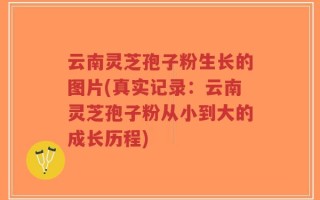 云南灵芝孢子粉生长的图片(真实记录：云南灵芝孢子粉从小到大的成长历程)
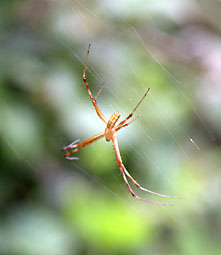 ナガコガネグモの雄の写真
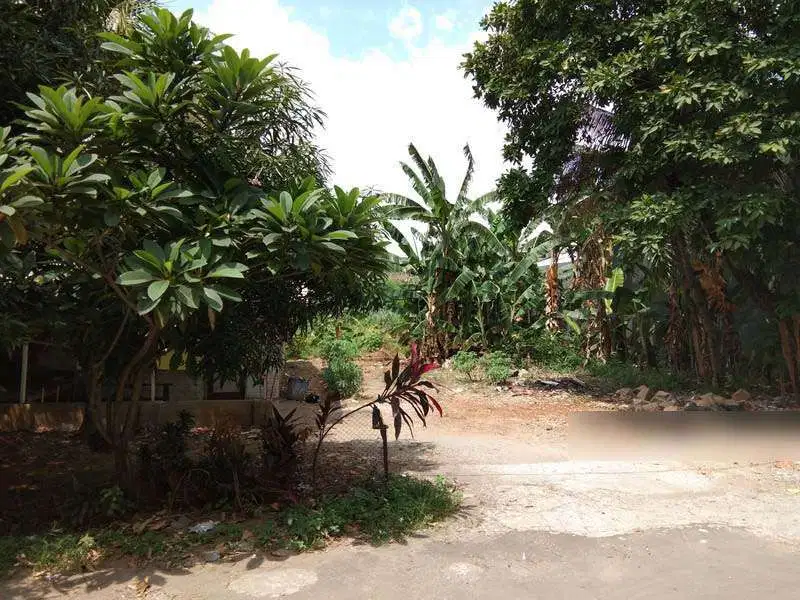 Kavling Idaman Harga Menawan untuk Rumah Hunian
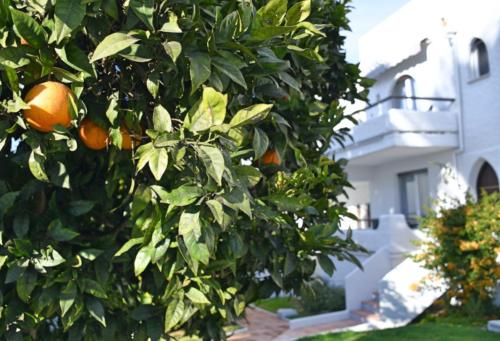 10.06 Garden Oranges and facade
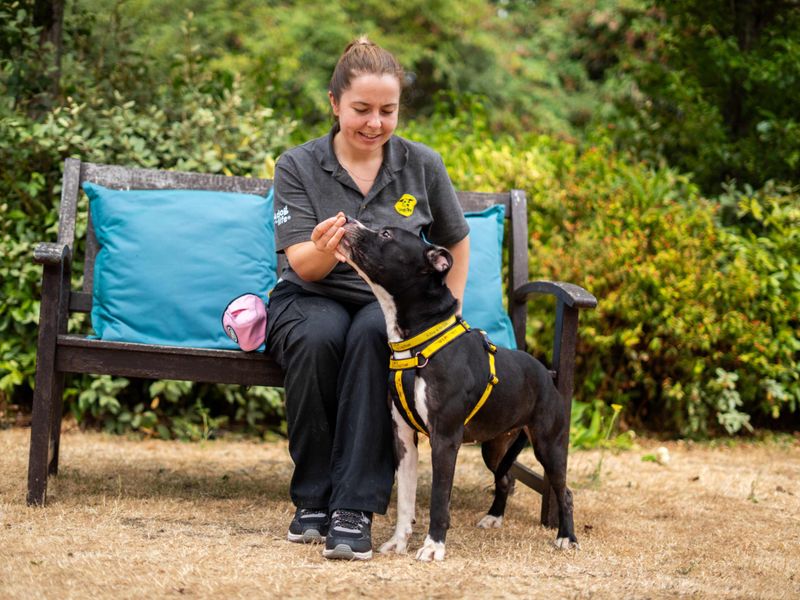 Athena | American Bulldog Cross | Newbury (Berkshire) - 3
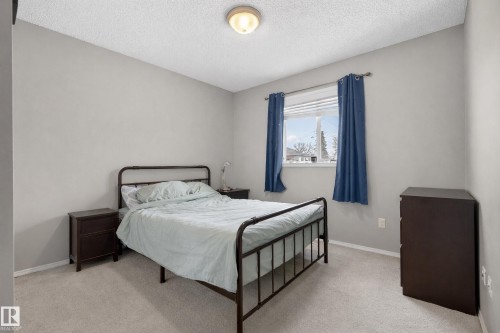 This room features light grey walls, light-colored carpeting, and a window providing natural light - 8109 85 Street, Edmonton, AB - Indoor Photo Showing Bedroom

...

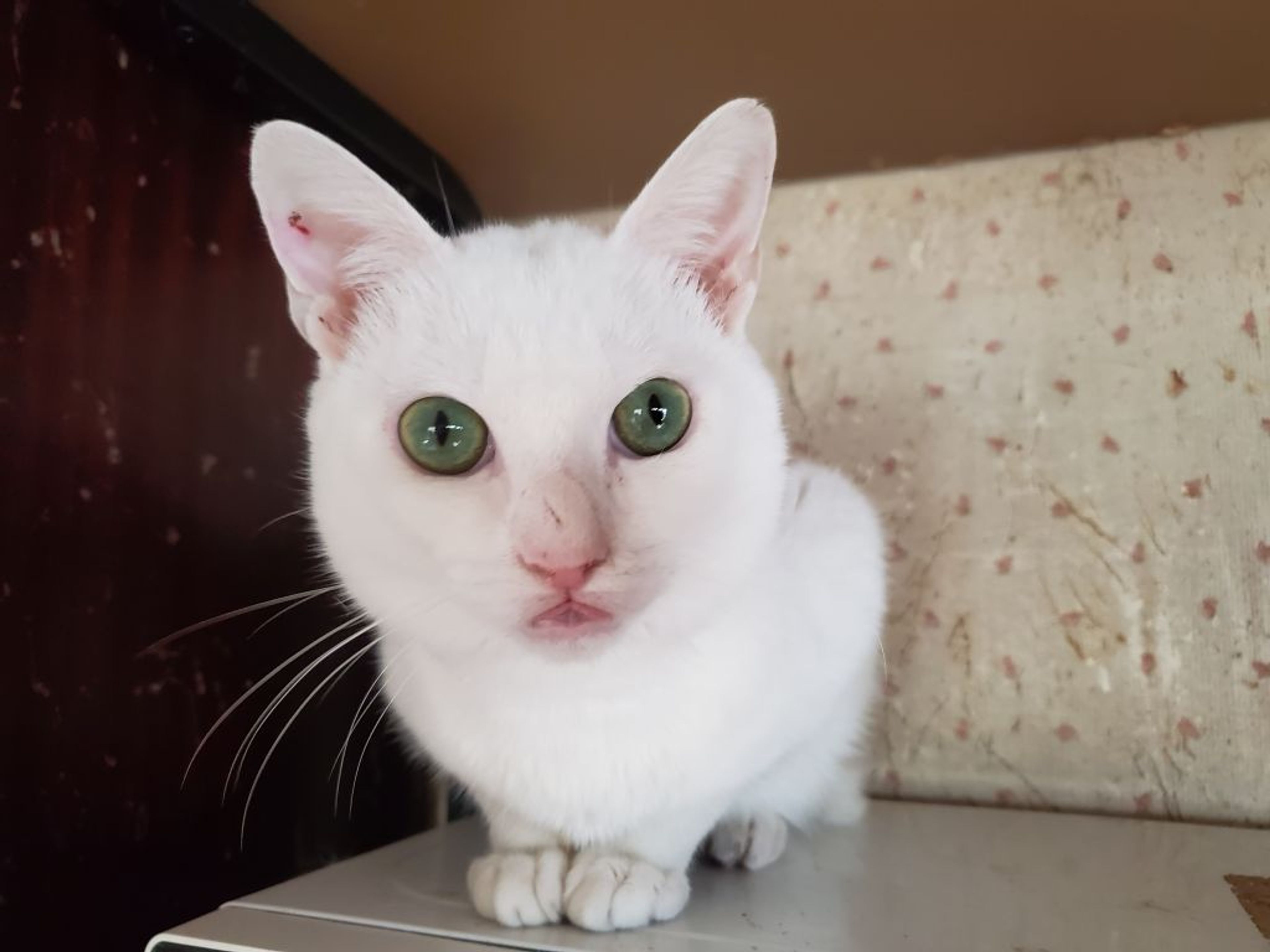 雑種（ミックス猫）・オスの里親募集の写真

TASK OBJECTIVE: Only the lines above from the one containing "10.06 Garden Oranges and facade" through the one containing "This room features" should be returned, verbatim and inclusive, with pictures excluded.

RESULT BELOW:
 10.06 Garden Oranges and facade
 Athena | American Bulldog Cross | Newbury (Berkshire) - 3
 This room features light grey walls, light-colored carpeting, and a window providing natural light - 8109 85 Street, Edmonton, AB - Indoor Photo Showing Bedroom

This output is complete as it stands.